What you are asked to do -> Output what the records say, word for word, with no images.

Records contained in a dataset ->

....................

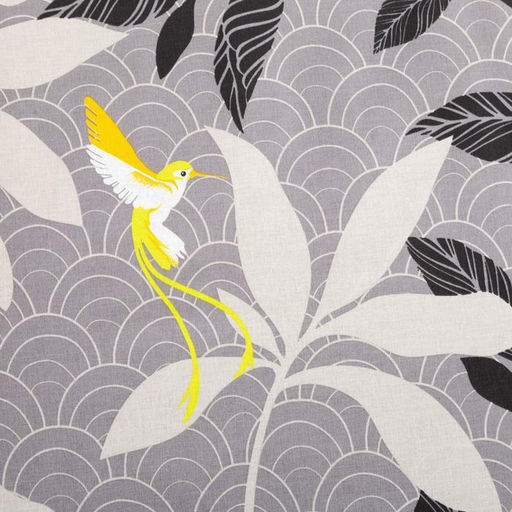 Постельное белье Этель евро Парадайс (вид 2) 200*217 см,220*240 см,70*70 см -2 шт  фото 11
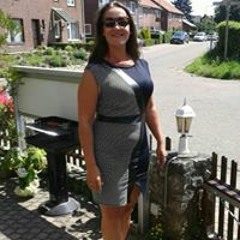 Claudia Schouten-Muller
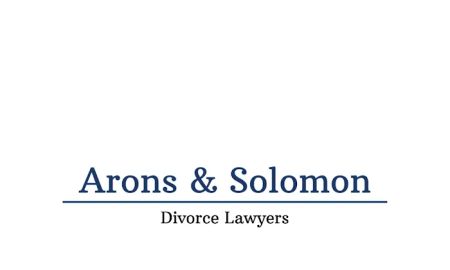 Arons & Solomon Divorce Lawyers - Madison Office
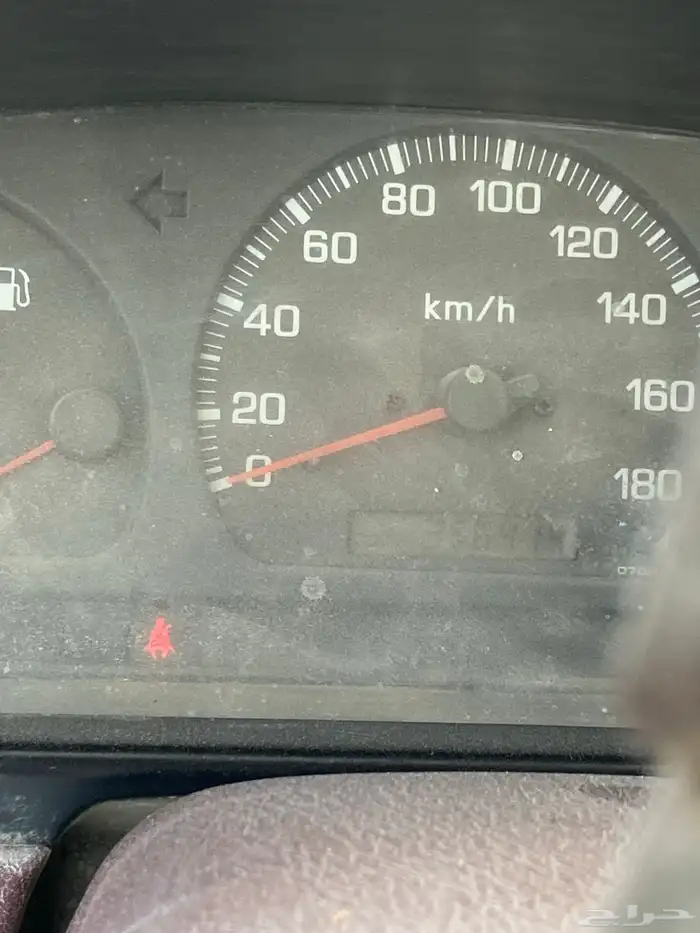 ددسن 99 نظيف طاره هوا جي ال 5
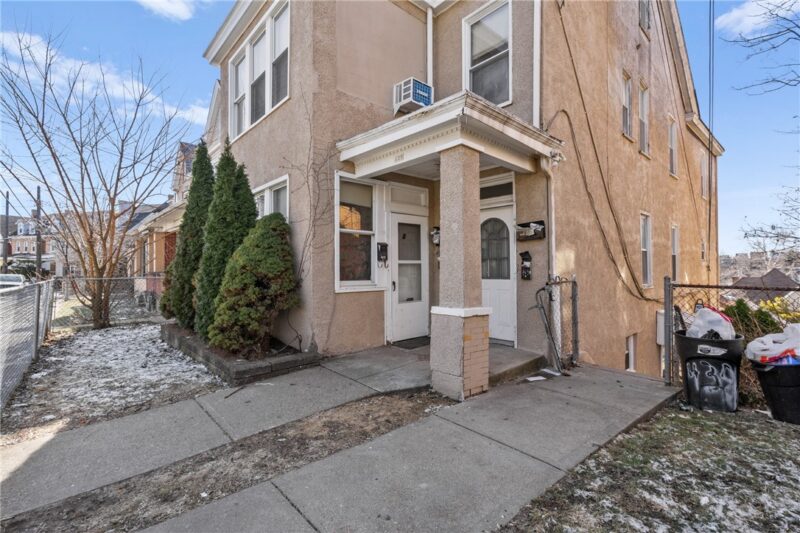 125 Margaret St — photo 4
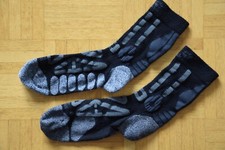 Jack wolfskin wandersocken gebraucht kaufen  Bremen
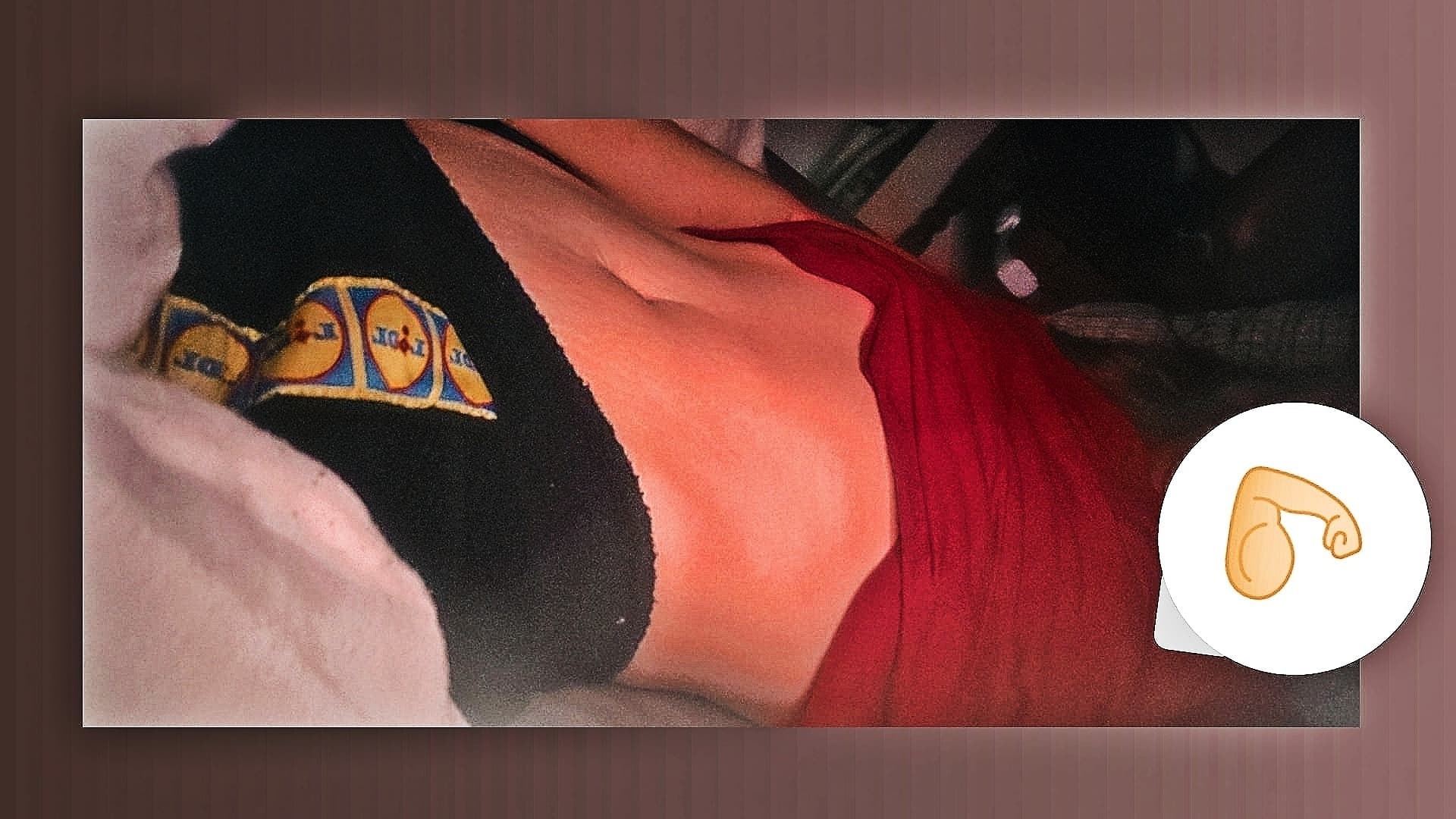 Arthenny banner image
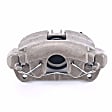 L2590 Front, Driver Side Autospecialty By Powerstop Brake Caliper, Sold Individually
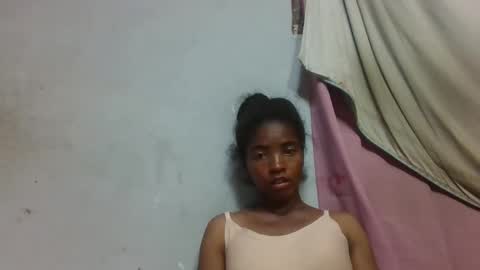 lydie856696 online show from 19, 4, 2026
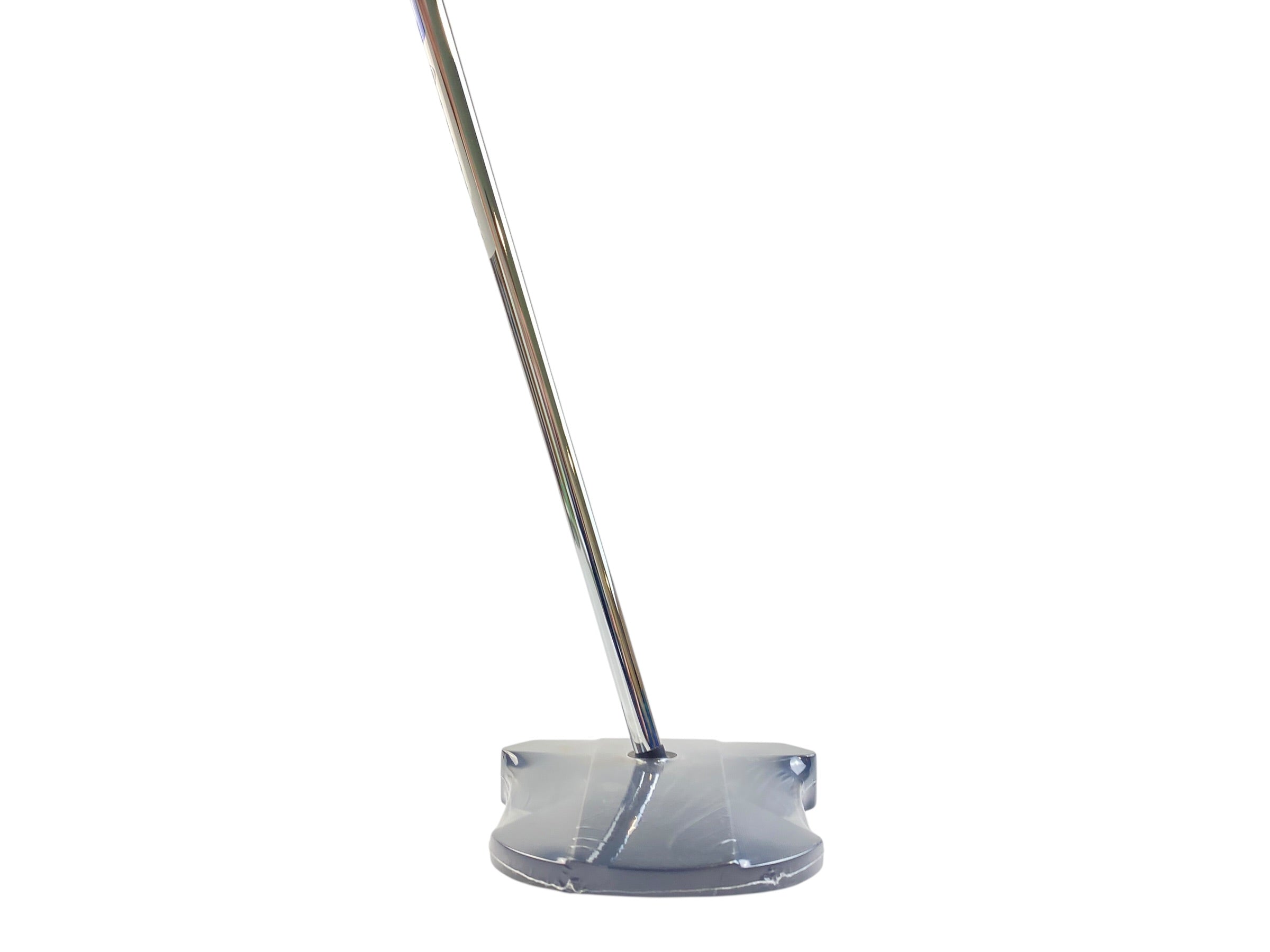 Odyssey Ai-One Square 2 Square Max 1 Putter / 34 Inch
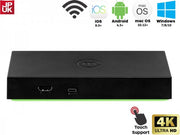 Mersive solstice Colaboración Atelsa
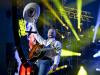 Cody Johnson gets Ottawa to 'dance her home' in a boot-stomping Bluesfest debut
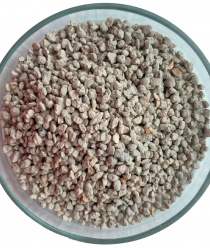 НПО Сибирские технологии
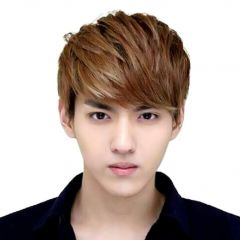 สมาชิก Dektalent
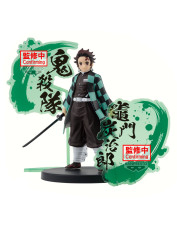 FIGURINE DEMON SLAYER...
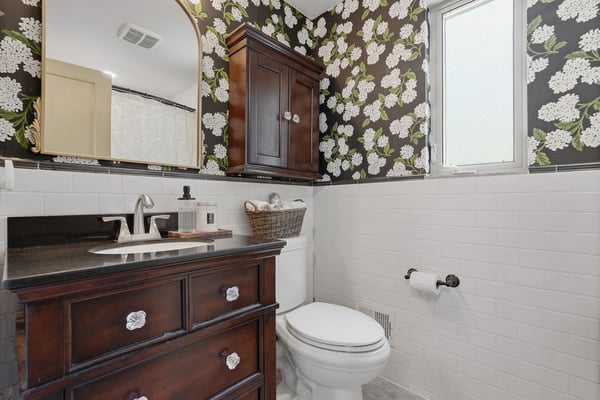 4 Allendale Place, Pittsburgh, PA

....................

Response to this task ->
 Постельное белье Этель евро Парадайс (вид 2) 200*217 см,220*240 см,70*70 см -2 шт  фото 11
 Claudia Schouten-Muller
 Arons & Solomon Divorce Lawyers - Madison Office
 ددسن 99 نظيف طاره هوا جي ال 5
 125 Margaret St — photo 4
 Jack wolfskin wandersocken gebraucht kaufen  Bremen
 Arthenny banner image
 L2590 Front, Driver Side Autospecialty By Powerstop Brake Caliper, Sold Individually
 lydie856696 online show from 19, 4, 2026
 Odyssey Ai-One Square 2 Square Max 1 Putter / 34 Inch
 Mersive solstice Colaboración Atelsa
 Cody Johnson gets Ottawa to 'dance her home' in a boot-stomping Bluesfest debut
 НПО Сибирские технологии
 สมาชิก Dektalent
 FIGURINE DEMON SLAYER...
 4 Allendale Place, Pittsburgh, PA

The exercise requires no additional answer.